Now, I’m all in favour of making clever literary allusions and judicious use of intertextuality: Chaucer and Shakespeare both did it to great effect, so it’s hard to argue that one. Dean, however, is not a Chaucer or a Shakespeare. They wrote works that are brilliant in their own right and the allusions and quotations to other texts serve to illuminate and expand upon the message of their own writing, whereas in this book the clever lines from other people are a substitute for the text doing anything clever itself. In fact, there’s no space for any original intelligence, so full is this book of thoughts, ideas and words borrowed from other sources. I felt that it uses other people’s brilliance to disguise its own lack thereof, and also as a way for the author to show of how many famous books she’s read. It all came across as rather self-indulgent and didn’t sit well with me.
It’s going to come as no surprise that this book will be searching for a new home soon. Why is it always the books with the prettiest cover art that are the most disappointing this year?
Tam Lin by Pamela Dean. Published by Tor, 1992, pp. 468. Originally published in 1990.
5 Responses to “‘Tam Lin’ by Pamela Dean”
Comment from oldenglishrose
Time March 30, 2011 at 12:45 pm
An awful lot of people have loved it, so don’t let the fact that I didn’t put you off.

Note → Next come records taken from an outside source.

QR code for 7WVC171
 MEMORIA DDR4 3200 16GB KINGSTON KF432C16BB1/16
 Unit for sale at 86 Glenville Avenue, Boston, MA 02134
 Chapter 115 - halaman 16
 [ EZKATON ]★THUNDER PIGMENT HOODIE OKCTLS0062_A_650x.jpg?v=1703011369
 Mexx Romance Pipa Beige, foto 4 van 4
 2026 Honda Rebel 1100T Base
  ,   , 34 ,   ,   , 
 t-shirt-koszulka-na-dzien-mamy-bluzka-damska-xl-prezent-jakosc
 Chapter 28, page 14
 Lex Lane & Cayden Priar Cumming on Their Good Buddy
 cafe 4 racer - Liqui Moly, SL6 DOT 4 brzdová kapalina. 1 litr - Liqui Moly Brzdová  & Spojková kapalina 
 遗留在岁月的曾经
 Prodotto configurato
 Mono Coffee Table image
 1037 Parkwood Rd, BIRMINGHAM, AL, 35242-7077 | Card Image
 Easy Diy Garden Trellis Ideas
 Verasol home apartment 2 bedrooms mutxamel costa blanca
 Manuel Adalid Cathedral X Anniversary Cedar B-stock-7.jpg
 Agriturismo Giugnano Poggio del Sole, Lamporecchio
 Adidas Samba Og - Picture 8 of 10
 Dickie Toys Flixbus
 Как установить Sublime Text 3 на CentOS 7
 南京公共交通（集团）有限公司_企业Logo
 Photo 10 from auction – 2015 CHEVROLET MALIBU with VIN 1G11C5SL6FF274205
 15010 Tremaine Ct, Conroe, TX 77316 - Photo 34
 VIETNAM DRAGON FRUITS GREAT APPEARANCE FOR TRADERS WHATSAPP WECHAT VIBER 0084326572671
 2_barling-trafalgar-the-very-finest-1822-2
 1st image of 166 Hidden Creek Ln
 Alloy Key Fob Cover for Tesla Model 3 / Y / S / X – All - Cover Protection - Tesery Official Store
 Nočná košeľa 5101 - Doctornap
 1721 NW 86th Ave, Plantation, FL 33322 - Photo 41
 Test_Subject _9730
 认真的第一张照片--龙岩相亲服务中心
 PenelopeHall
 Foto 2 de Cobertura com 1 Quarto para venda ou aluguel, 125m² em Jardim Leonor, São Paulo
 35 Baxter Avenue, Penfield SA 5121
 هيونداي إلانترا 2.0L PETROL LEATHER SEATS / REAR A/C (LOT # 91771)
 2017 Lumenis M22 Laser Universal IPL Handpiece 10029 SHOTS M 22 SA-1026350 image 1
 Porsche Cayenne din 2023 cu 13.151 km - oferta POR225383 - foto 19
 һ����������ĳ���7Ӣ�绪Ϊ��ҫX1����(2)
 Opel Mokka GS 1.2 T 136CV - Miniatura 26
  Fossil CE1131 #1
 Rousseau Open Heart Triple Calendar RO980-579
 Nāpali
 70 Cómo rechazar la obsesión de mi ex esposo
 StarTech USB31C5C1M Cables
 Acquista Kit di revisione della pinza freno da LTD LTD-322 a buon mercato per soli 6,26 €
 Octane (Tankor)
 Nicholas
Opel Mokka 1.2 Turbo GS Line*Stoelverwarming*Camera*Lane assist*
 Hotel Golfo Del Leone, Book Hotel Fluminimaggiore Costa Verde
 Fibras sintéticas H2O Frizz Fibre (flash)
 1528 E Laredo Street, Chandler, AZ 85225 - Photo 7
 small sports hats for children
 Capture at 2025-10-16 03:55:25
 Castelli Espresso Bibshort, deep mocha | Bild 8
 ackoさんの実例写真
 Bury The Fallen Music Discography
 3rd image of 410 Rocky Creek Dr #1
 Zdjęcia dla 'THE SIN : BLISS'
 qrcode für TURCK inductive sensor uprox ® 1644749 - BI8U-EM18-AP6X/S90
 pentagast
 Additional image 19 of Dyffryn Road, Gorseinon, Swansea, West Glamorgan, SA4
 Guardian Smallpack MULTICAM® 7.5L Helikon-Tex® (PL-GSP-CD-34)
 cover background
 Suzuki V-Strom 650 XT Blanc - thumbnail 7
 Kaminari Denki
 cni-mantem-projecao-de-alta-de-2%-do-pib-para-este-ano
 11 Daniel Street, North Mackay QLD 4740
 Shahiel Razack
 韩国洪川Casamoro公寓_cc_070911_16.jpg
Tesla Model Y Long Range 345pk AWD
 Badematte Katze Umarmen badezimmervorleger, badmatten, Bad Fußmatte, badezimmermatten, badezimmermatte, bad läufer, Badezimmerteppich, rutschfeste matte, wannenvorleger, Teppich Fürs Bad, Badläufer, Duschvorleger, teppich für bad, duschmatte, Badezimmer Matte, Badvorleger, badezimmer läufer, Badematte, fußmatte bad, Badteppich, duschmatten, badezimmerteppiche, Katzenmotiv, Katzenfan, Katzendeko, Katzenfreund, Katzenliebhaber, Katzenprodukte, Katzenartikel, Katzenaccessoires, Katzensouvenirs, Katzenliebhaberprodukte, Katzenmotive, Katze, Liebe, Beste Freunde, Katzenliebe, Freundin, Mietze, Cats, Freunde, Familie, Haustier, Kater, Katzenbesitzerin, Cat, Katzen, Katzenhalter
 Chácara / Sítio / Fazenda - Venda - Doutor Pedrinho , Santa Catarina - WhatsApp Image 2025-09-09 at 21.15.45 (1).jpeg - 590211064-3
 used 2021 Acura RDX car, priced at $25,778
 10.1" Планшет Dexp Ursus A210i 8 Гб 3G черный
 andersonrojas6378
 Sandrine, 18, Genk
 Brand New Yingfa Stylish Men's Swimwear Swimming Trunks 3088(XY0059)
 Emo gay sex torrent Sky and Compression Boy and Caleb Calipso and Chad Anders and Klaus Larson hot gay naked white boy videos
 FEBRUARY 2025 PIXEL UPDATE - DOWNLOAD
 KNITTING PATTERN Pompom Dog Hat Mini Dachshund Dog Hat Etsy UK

At least if you don’t like it you won’t be quite as disappointed as I was!
Comment from bwyrm
Time April 3, 2011 at 8:33 pm
This review makes me sad, as I am a huge fan of both the ballad and this reinterpretation of it. Oh well, I guess it’s a question of personal preference!
Comment from oldenglishrose
Time April 6, 2011 at 10:43 pm
This is just one of those occasions on which the majority and I heartily disagree. There are lots of books out there that I love that others don’t though, so it takes all sorts.
Pingback from » Rereading Tam Lin
Time January 16, 2012 at 9:33 am
[...] Someone whose review I read complained that real students don’t talk in quotations and allusions, the way that the ones in the book do; but I have daughters aged sixteen and almost eighteen and I can confirm that they do, though mine haven’t read enough Shakespeare to use that. Moreover, some of the people she’s complaining about aren’t exactly twentieth-century students, but she lost interest in the book before she found that out. It’s lots of foreshadowing, and at the end things fall into place– though shakily, because the ending seems rushed. Also, not everything falls into place: what happens to Molly whose boyfriend is– well, not exactly a twentieth-century student? What happens to Tina who almost literally falls by the wayside? [...]
Comment from PolishOutlander
Time March 27, 2011 at 11:05 pm
I’ve had this book on my shelf for quite some time, with a drastically different cover. When I look at it, I think “Why did I buy this?” Mostly because I am very unfamiliar with the fairy tale. Although, I have a feeling, based on what you wrote, that it will be some more time before I read it.